Schlagershow „immer wieder sonntags“Tanzen und klatschen und tanken und quatschen

„Immer wieder sonntags“ treffen sich Schlagerfans zur Aufnahme der gleichnamigen Live-Sendung in Südbaden. Unser Reporter war dabei.

U nd wer von euch ist zum 80. Mal hier?“, fragt der junge Mann in weißer Hose, weißem Hemd das Publikum. Noch immer melden sich welche. „Immer wieder sonntags“ hat seine Hardcore-Fans. Menschen, die für jede der zwölf Sendungen der Saison anreisen – und das schon seit Jahren. Menschen, die sich um neun Uhr am Sonntagmorgen an eine Bierbank setzen und dort brav beim Warm-up mitspielen, mitsingen, tanzen, obwohl die Wetter-App bereits jetzt 24 Grad meldet.

Schatten fällt am 22. Juni nur auf die Tribünen am Rand der Arena. Die begehrten Bier- und Café-Tische vor der großen Bühne stehen in der verkrampften Morgensonne. Der Anheizer gönnt einzelnen Menschen ein paar Schübe aus seiner Sprühflasche. Dann endlich taucht Stefan Mross auf. „Das lässt er sich nicht nehmen“, erklärt ein Mann am Biertisch, stolz auf „seinen Stefan“. Vor Beginn der TV-Übertragung übt Mross mit dem „besten Publikum der Welt“, wie es jubelt, klatscht, ein bisschen ausrastet. Zwischendrin frischt eine Stylistin sein Make-up wieder auf.

Auch wenn das Puder heute immer wieder wegfließt: Mross bleibt. Seit 20 Jahren schon kämpft er sich jeden Sommer durch die Schlagersendung. Seit 30 Jahren kämpft sich die Sendung schon durchs deutsche TV. Sie ist eine der letzten Bastionen des Schlagers im Fernsehen, hat an diesem Sonntag einen Marktanteil von 17,4 Prozent, das sind 1,22 Millionen Menschen. Plus die 2.000, die gerade in der Arena aufspringen, weil Mross anfängt, sein neustes Lied zu singen: „Ja mei Halleluja – heut rock ma olle z’samm“. Ein Junggesellenabschied auf der Tribüne zieht sich die T-Shirts nach oben und grölt.

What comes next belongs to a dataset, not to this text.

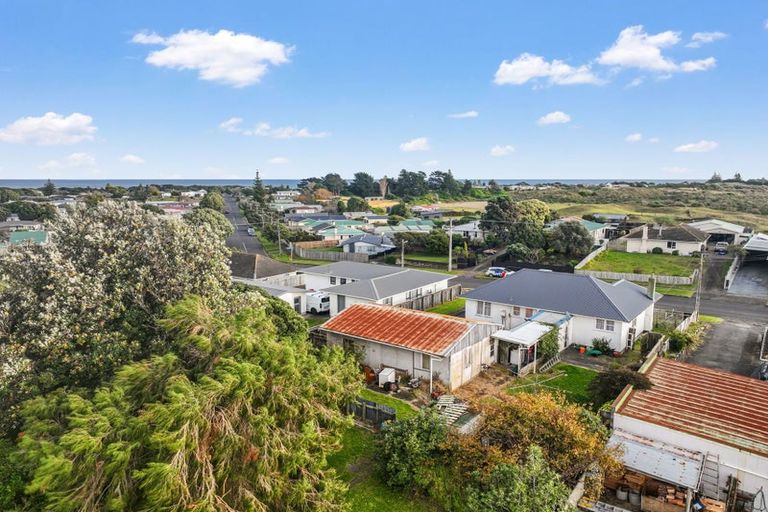 Photo of property in 90 Manuka Street, Castlecliff, Whanganui, 4501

Egal, wie sehr man sich dagegen wehrt: Im Schlager liegt etwas Archaisches, etwas, das an unsere Instinkte als Gesellschaftswesen anknüpft; irgendwann klatscht man mit den anderen mit. Der Bass, die Bewegung, das Kollektiv. Mross singt ein Medley. „17 Jahr, blondes Haar“. Als Udo Jürgens es 1965 herausbrachte, war er 31 Jahre alt. Wenige Meter entfernt beißt sich ein junger Mann auf die Lippe, lächelt verkrampft, als seine Begleitung, eine ältere Frau, ihn anschaut.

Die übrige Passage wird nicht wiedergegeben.